I feel extremely lucky to be working at a job that combines my passion for technology, entrepreneurship, and meeting interesting people who dare to challenge the status quo. Don’t get me wrong, after living in the outwardly glitzy New York for four years where Gucci loafers and bottle service were practically synonymous with success, Silicon Valley is a breath of fresh air.
However, there is one thing that unsettles me as much here as it did in the New York finance world, and that is the lack of women.
There are many theories why we are under-represented in the tech industry, but one that resonates most with me is women’s skewed perception of technology and venture capital.
During my time at the Stanford Graduate School of Business (“the GSB”), one of my favorite professors, Joel Peterson introduced me to the book Mindset by Carol Dweck, which changed my thinking style in a very fundamental way. In the book, Dweck draws a distinction between two personality types:
- The “fixed” aka “Enron” mindset: People who believe they are born with a set of traits that cannot be changed and therefore have a tremendously difficult time bouncing back emotionally from failures.
- The “growth” mindset: People who think of failures as learning opportunities and therefore consistently seek out challenging situations to improve their skills. (This mindset applies to anything from business to dating, but more on that later…)

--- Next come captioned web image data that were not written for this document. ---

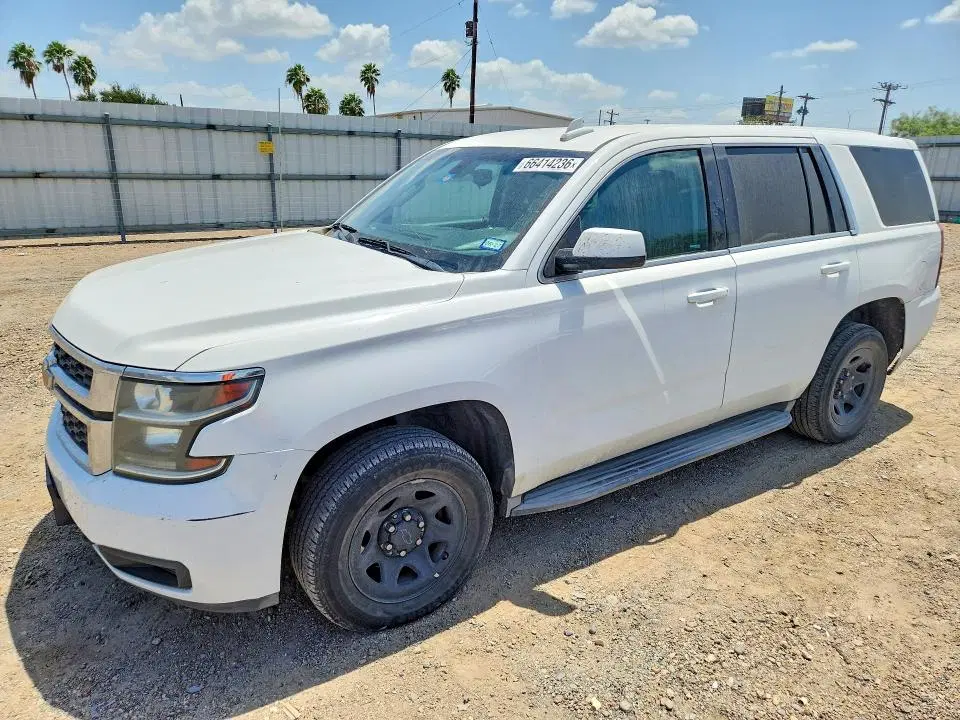 1GNSKDEC0GR264216 — 2016 Chevrolet Tahoe, Мелкие вмятины и царапины, фото до ремонта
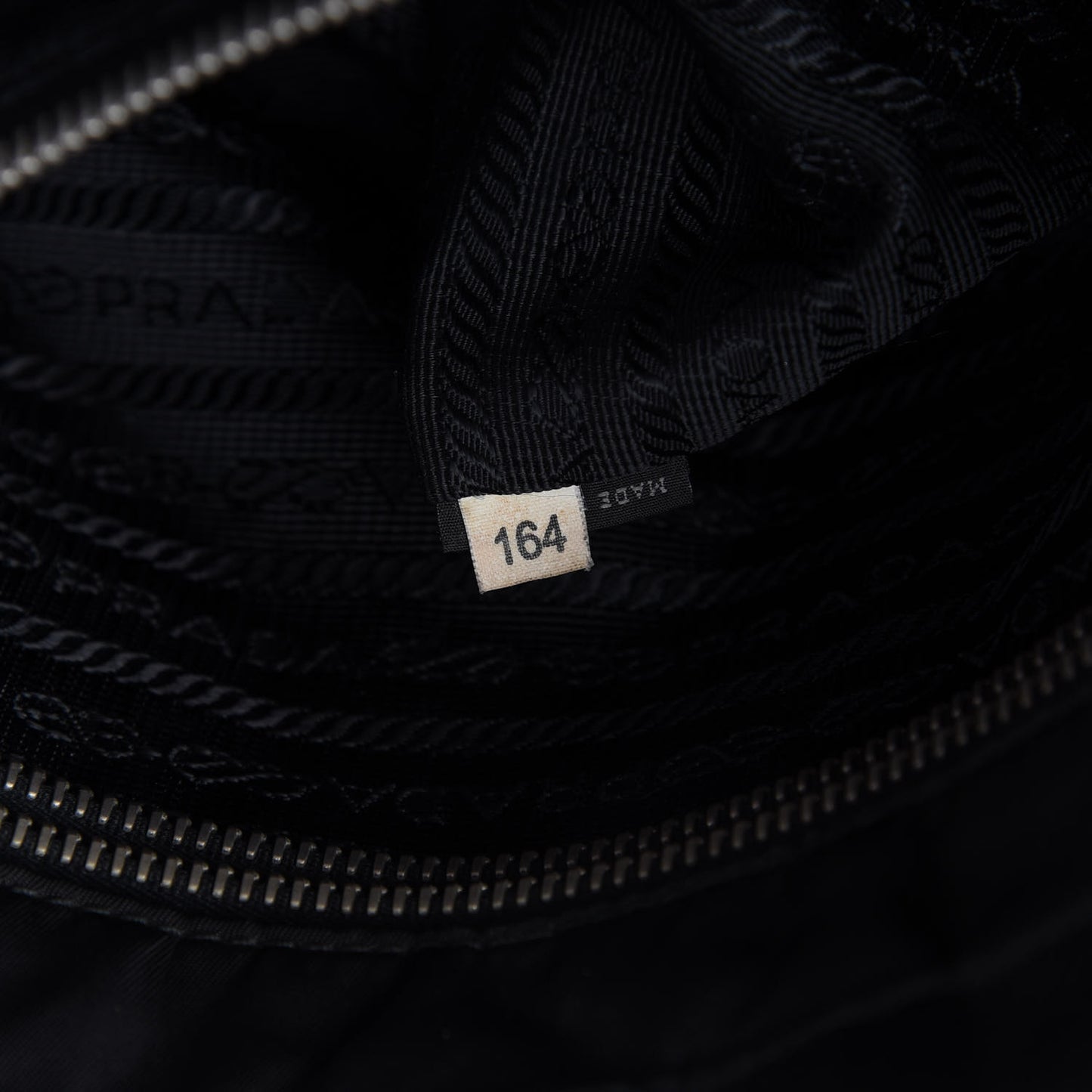 Tessuto Nylon Tote Black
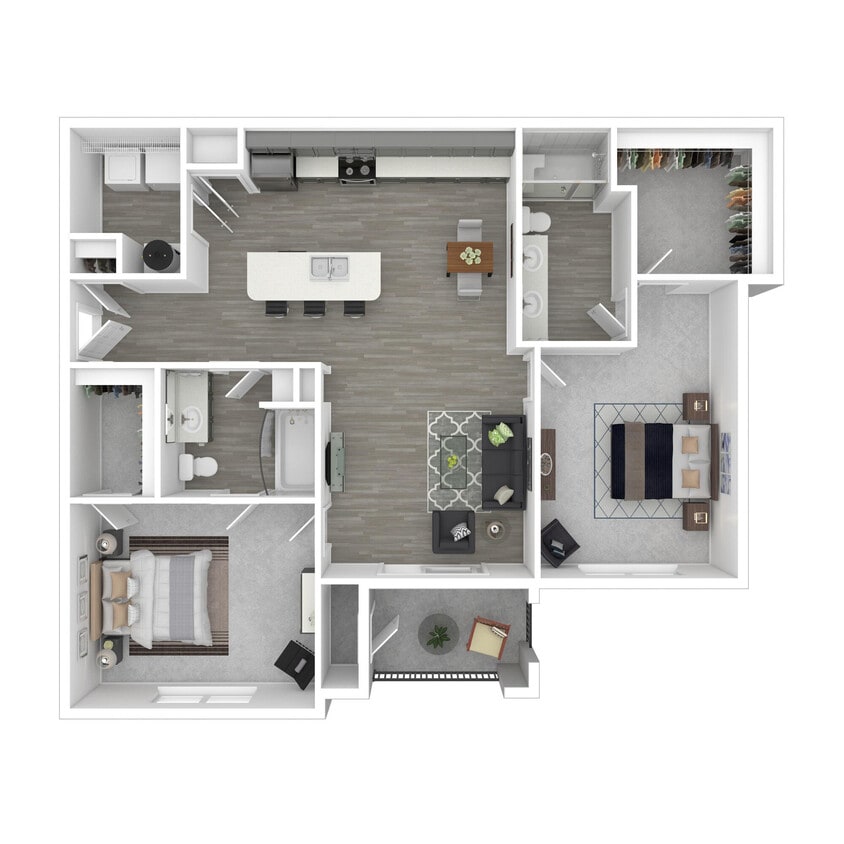 Floor Plan - Odyssey 2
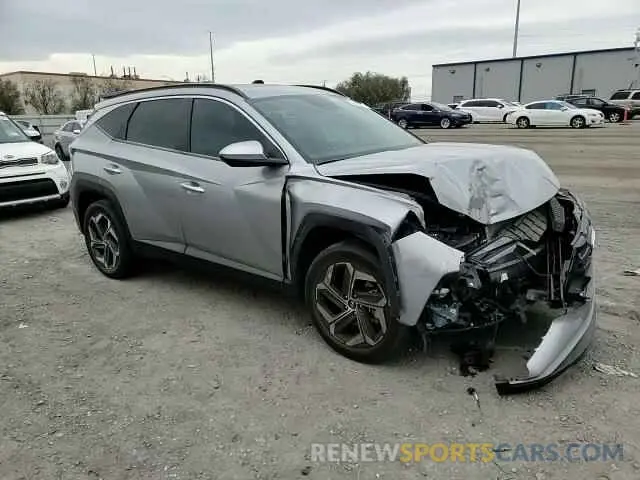 11 Photograph of a damaged car 5NMJFCAE5NH147033 HYUNDAI TUCSON 2022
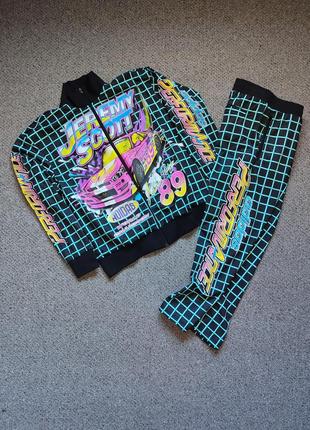 Мужской костюм adidas originals x jeremy scott size l-xl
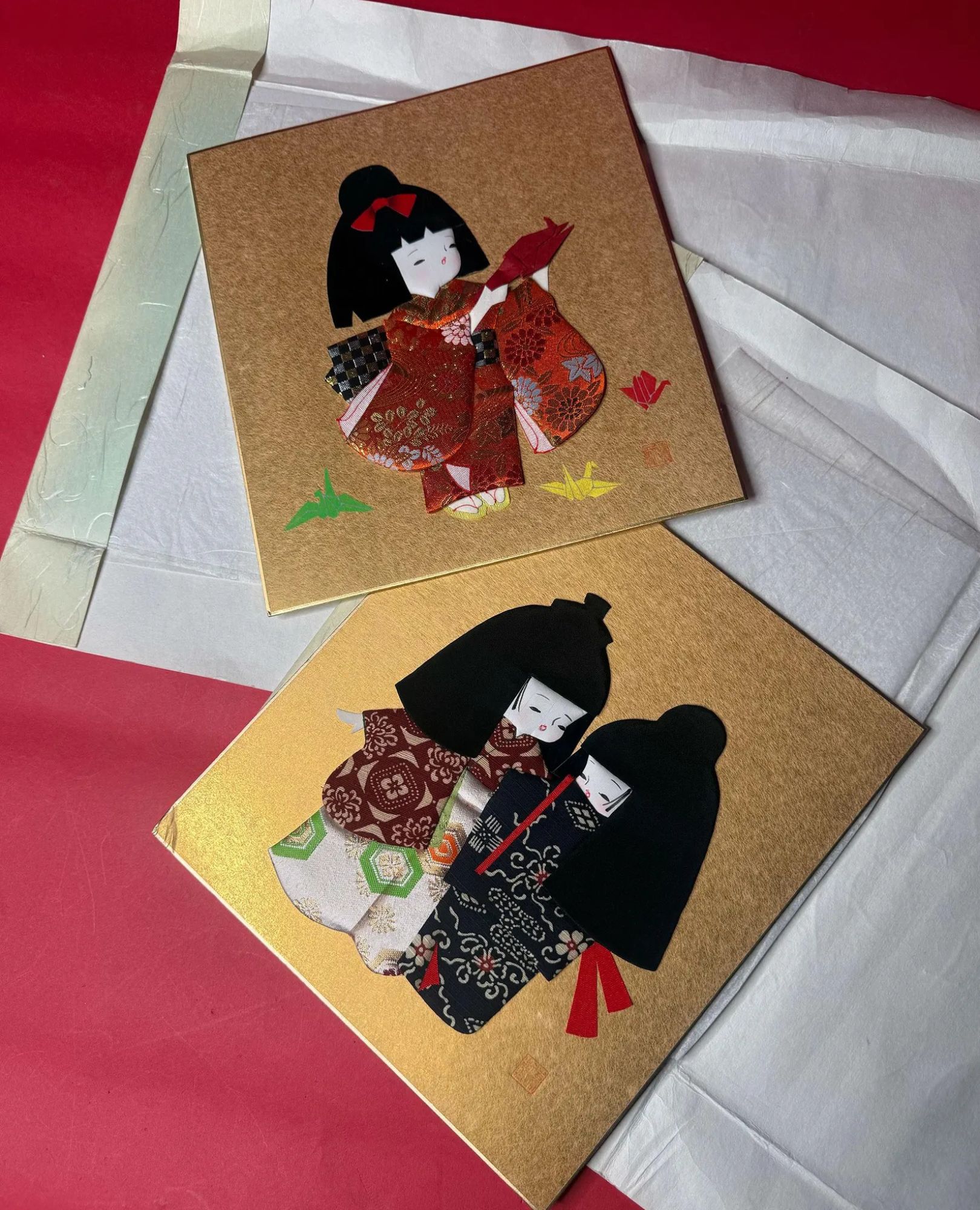 spark+rebel modular eco fashion brand handcrafted vintage japanese kimono art gift set in sustainable fashion on etsy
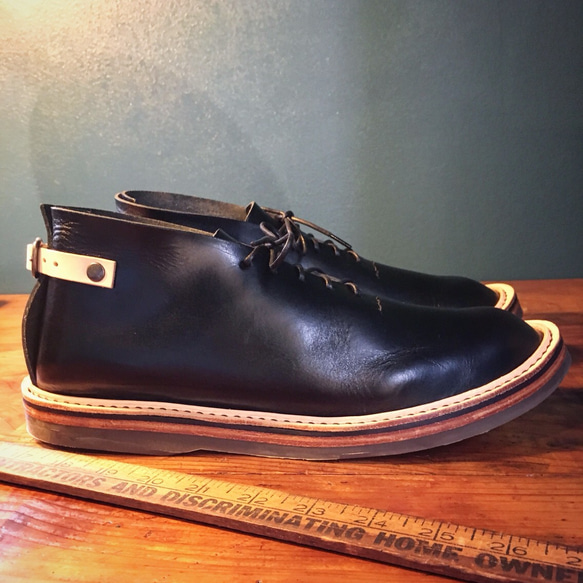Noble shoes black (今なら2週間程でお届け出来ます) 2枚目の画像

People in the fixed mindset are defined by stereotypes and expectations. For instance, a recent study shows standardized test-takers who are forced to identify themselves as female or African American end up with statistically significant lower scores as compared to a control group who does not have to disclose such information. Of course, an individual’s mindset often lies on a spectrum between fixed and growth and can always change over a lifetime, but it is hard to deny that stereotypes still play a powerful role in people’s career aspirations.
And herein lies the problem in my opinion: the Silicon Valley tech stereotype is fixed, and not one that plays favorably to women.
When most people think of the average tech entrepreneur, the pale guy who codes while playing World of Warcraft in his gadget-filled basement pops up. This image goes against society’s definition of femininity, and as a result, little girls who aspire to become extroverted women who have interests ranging from fashion to business do not consider computer science or engineering as a viable career path.
I have been told repeatedly by my colleagues in tech that I do not fit into the Silicon Valley mold….that I seem too “New York” or too feminine to be a VC. Truth is…I love fashion, I love art (I was this close to enrolling in Parson’s School of Design), and I read InStyle just as regularly as I read VentureBeat. But I am also a former gaming addict — I programmed my own RPG game in middle school, and I was an engineering major who spent half of my weekends in college writing code in Matlab.
These things are not mutually exclusive, and being an engineer, a computer programmer or a venture capitalist does not mean a woman has to give up what makes her feminine. But I recognize that I was very lucky. My mother is an engineer and fashion designer in her spare time, and I never believed that a woman had to be one or the other.
So how do we solve this problem? By having more female tech entrepreneurs and VCs in the public eye who are unafraid to break down stereotypes (for instance, stylish, highly competent leaders like Yahoo’s new CEO, Marissa Mayer). Ultimately, more young women need to see that programmers and VCs don’t always have to be a “he”. In 2011, only 17 percent of computer science grads were women, and only 5 women appeared in the Midas List, Forbes’ annual list of the top 100 venture capitalists.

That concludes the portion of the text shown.